The response should repeat word for word every line below from the one with "In this measure, let's" to the one with "Hi, welcome to", inclusive, and nothing else; leave pictures out.

**RECORDS PROVIDED:**
========

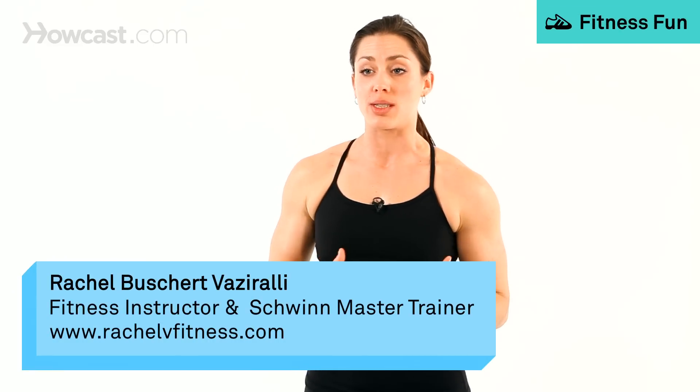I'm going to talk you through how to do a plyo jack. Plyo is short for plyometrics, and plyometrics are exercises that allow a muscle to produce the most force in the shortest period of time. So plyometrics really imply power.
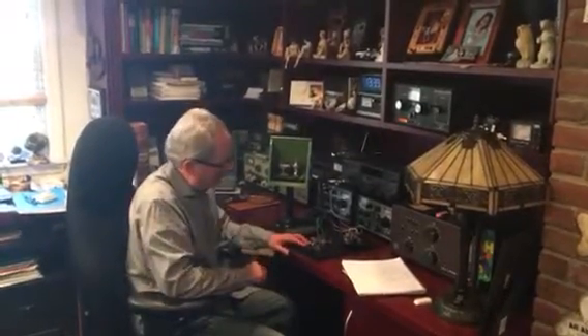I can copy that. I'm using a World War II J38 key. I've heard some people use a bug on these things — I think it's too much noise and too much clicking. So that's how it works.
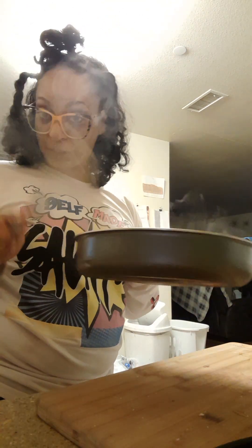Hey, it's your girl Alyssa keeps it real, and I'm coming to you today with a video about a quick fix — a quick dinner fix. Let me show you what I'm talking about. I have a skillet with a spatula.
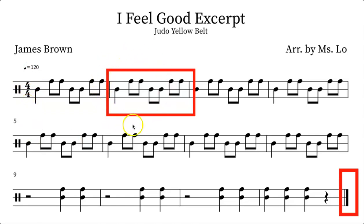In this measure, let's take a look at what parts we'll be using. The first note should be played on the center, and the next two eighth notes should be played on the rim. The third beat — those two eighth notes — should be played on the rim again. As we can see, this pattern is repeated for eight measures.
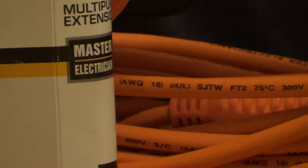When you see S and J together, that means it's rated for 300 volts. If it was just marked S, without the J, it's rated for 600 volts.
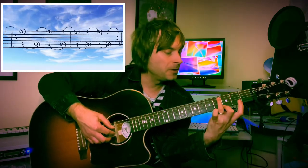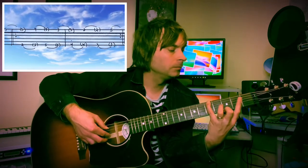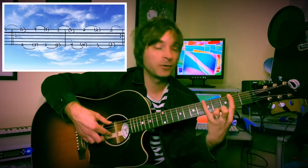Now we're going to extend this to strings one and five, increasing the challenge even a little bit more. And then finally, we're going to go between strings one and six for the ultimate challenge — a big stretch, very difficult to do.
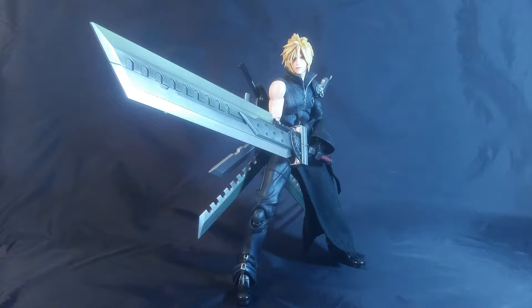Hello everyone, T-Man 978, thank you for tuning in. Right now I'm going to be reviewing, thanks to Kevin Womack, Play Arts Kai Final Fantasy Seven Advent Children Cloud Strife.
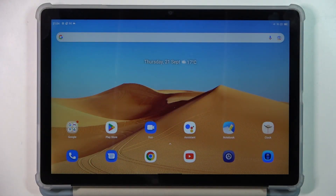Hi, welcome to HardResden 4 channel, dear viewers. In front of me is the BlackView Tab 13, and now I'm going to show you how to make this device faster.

========

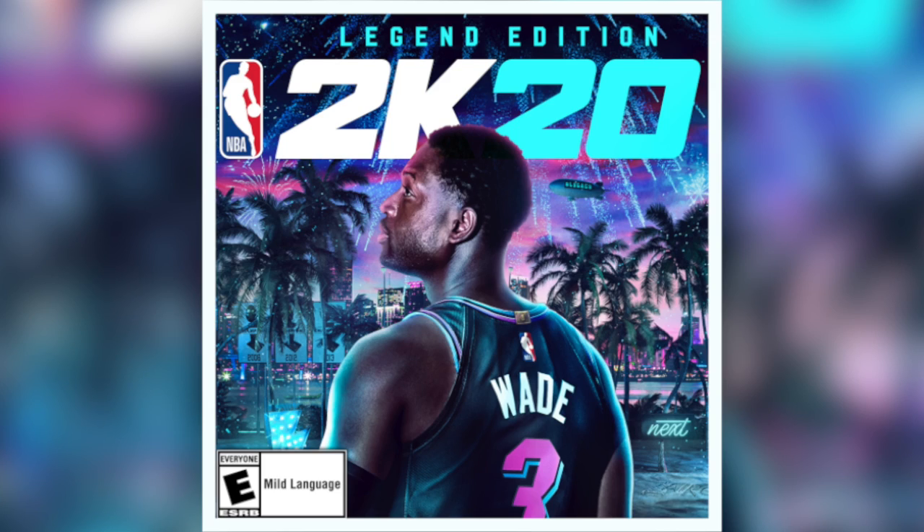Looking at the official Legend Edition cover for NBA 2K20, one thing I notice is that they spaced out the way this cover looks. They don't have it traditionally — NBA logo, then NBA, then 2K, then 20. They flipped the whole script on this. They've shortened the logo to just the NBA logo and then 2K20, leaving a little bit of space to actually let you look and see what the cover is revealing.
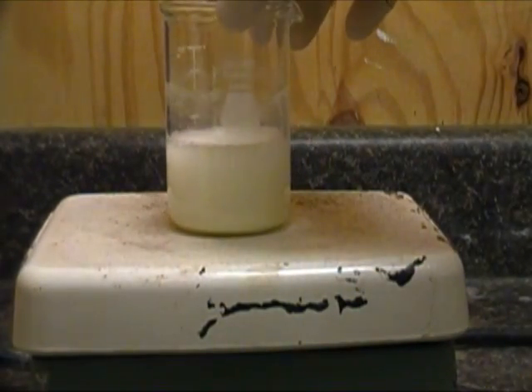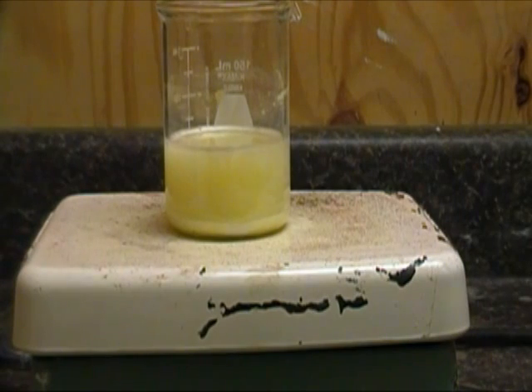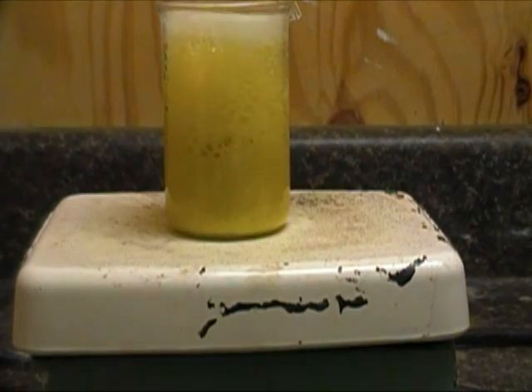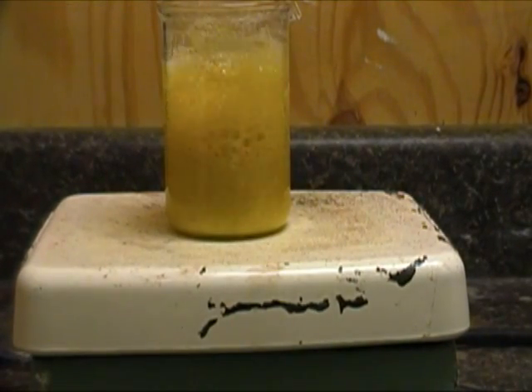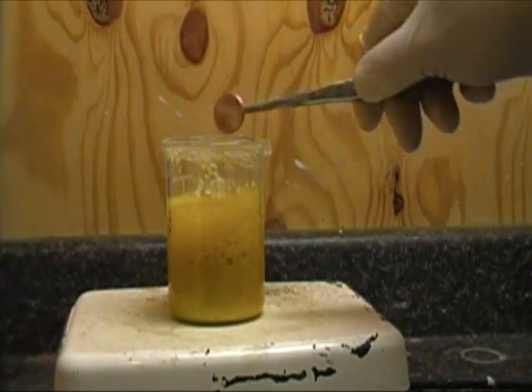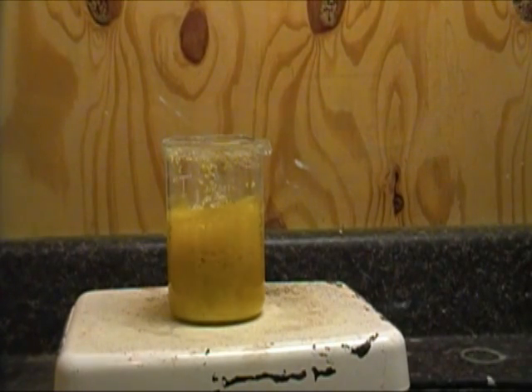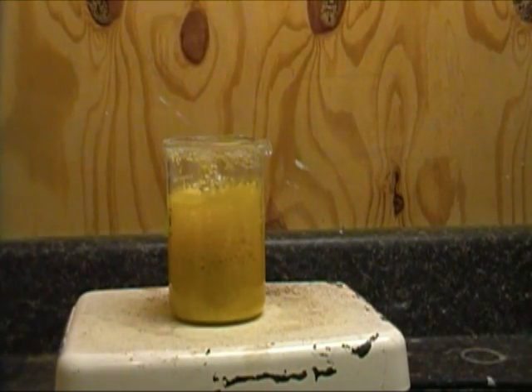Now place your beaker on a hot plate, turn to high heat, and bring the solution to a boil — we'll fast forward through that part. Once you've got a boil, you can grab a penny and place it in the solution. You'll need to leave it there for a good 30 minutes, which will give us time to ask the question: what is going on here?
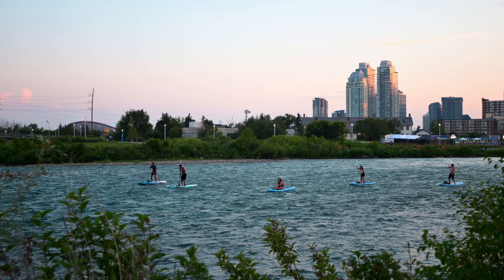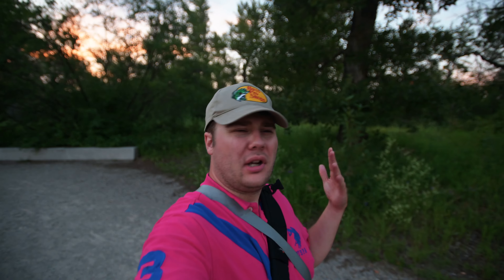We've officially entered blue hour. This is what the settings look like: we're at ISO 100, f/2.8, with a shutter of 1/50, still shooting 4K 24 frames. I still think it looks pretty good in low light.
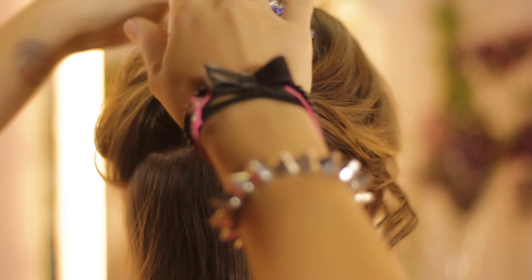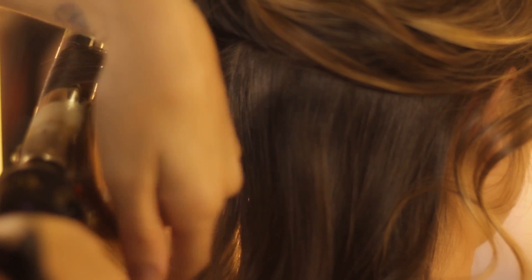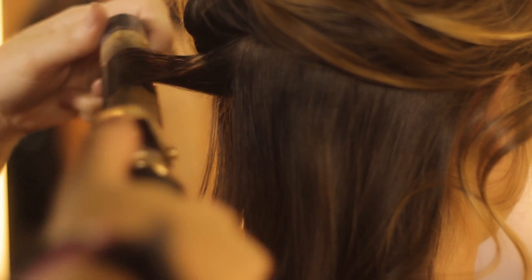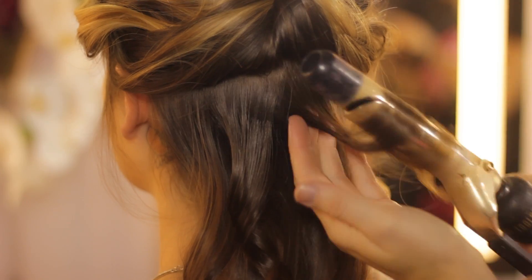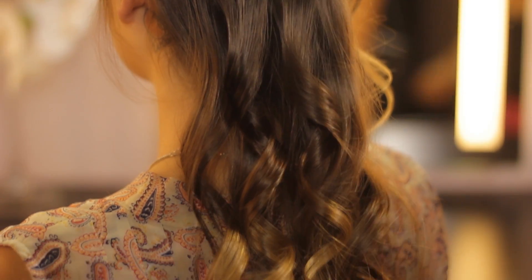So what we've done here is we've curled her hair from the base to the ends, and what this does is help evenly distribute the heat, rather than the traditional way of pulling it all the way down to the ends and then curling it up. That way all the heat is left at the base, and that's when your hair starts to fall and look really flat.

========

**RESPONSE TO THE EXERCISE:**
In this measure, let's take a look at what parts we'll be using. The first note should be played on the center, and the next two eighth notes should be played on the rim. The third beat — those two eighth notes — should be played on the rim again. As we can see, this pattern is repeated for eight measures.
When you see S and J together, that means it's rated for 300 volts. If it was just marked S, without the J, it's rated for 600 volts.
Now we're going to extend this to strings one and five, increasing the challenge even a little bit more. And then finally, we're going to go between strings one and six for the ultimate challenge — a big stretch, very difficult to do.
Hello everyone, T-Man 978, thank you for tuning in. Right now I'm going to be reviewing, thanks to Kevin Womack, Play Arts Kai Final Fantasy Seven Advent Children Cloud Strife.
Hi, welcome to HardResden 4 channel, dear viewers. In front of me is the BlackView Tab 13, and now I'm going to show you how to make this device faster.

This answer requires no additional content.